I used to think that when I approached a woman to ask if she was willing to talk with me about her domestic life, and she paused, that it was my imagination. Knowing it was an unusual request, I’d disguise the pause with chat, aimed at putting us both at ease. Perhaps, I thought, it was my own nervousness that had caused the hesitation. But after a while I realised that it wasn’t my imagination. Whenever I ask a woman whether she might talk to me about domesticity, she really does think twice before responding.
Why, I wonder, is this? Could it be that we don’t quite trust ourselves to talk frankly about an area of our lives that we rarely open up about? Is it that the stories we tell ourselves, about how we imagine other women manage their home lives, instinctively lead us to keep quiet about our own? Other women, we tell ourselves, with just a hint of self-reprimand, are on top of housekeeping. They are reconciled to the daily demands that their homes make on them. We, on the other hand, are only occasionally on top of our home lives.
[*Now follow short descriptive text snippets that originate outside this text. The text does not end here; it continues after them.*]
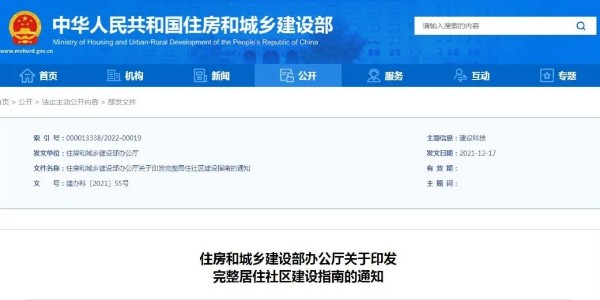 住房和城鄉(xiāng)建設部發(fā)布《完整居住社區(qū)建設指南》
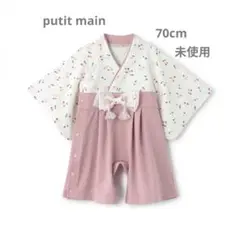 petit main さくらんぼ柄　袴 70cm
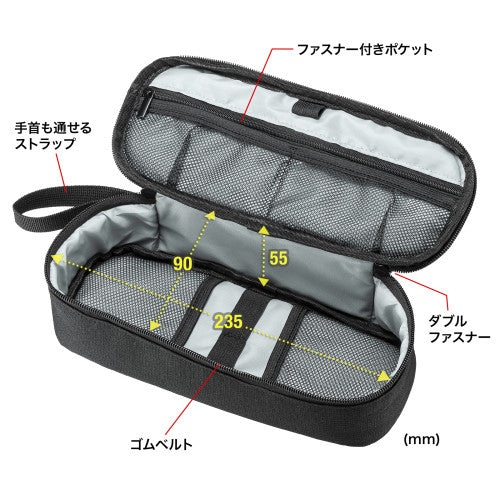 サンワサプライ 245x100x65mm  小物ケース(ﾌﾞﾗｯｸ) IN-AD13BK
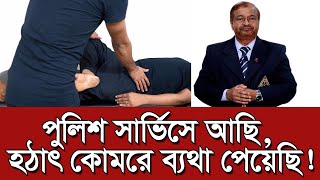 পুলিশ সার্ভিস করি হঠাৎ কোমরে ব্যথা পেয়েছি, কি করবো স্যার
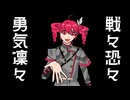 【重音テト誕生祭2025】戦々恐々勇気凛々 / feat.重音テトSV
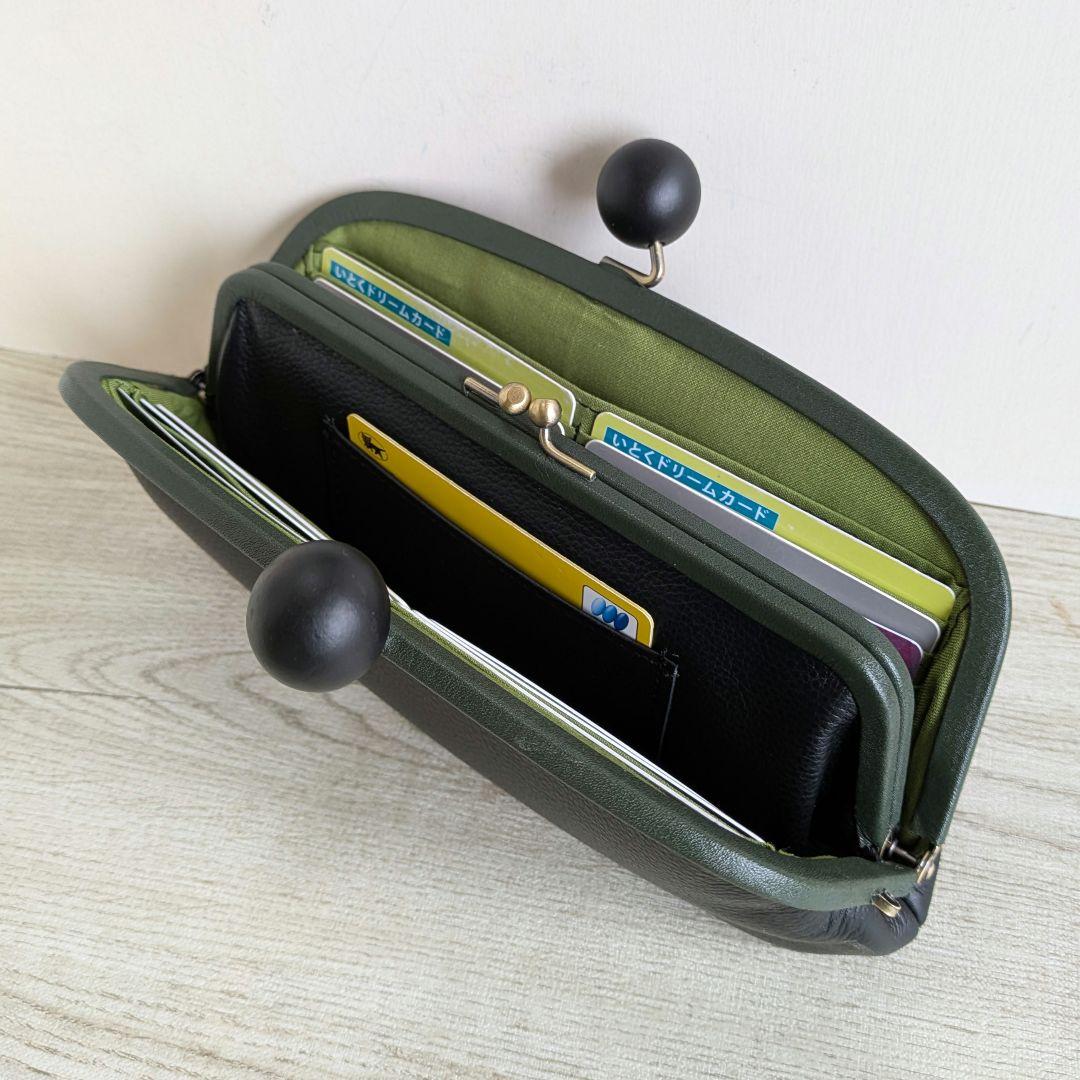 ✾kohakono✾　がま口お財布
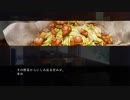 【推理ホラーゲームを解き進める！】真流行り神２を実況プレイ＜Part2＞
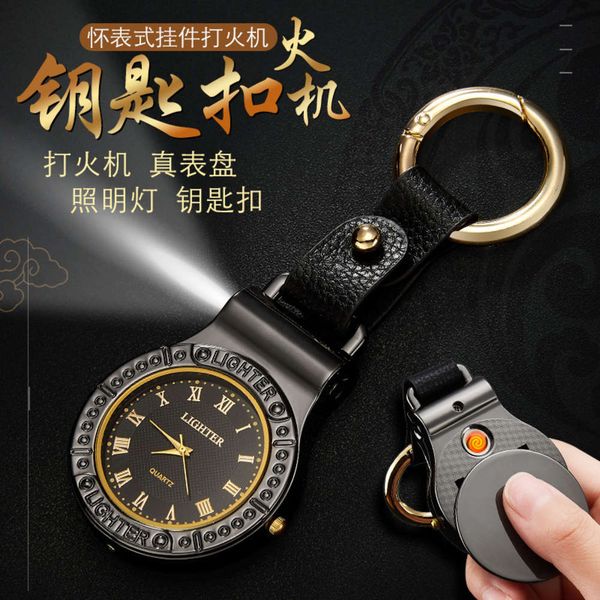 

smart watch cigarette creative personality key chain pendant type wind proof silent charging lighter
And this is why, just as we rush round cleaning up the house when the doorbell goes, we don’t trust ourselves to talk freely about domesticity.
‘If you can’t say anything nice, don’t say anything at all’, my mother used to say. Is this why we veil our domestic lives from anyone but close friends? Do we fear the protest that might pour unbridled from our mouths? Or do we fear being judged by a standard of domestic excellence that we know we’ll never achieve? There is nothing wrong with privacy, you may say. And I’ll agree with you. However the problem with shielding our domestic lives, to the degree most of us do, is that we end up veiling the domestic triumphs that mean so much to us personally, yet don’t stack up in public.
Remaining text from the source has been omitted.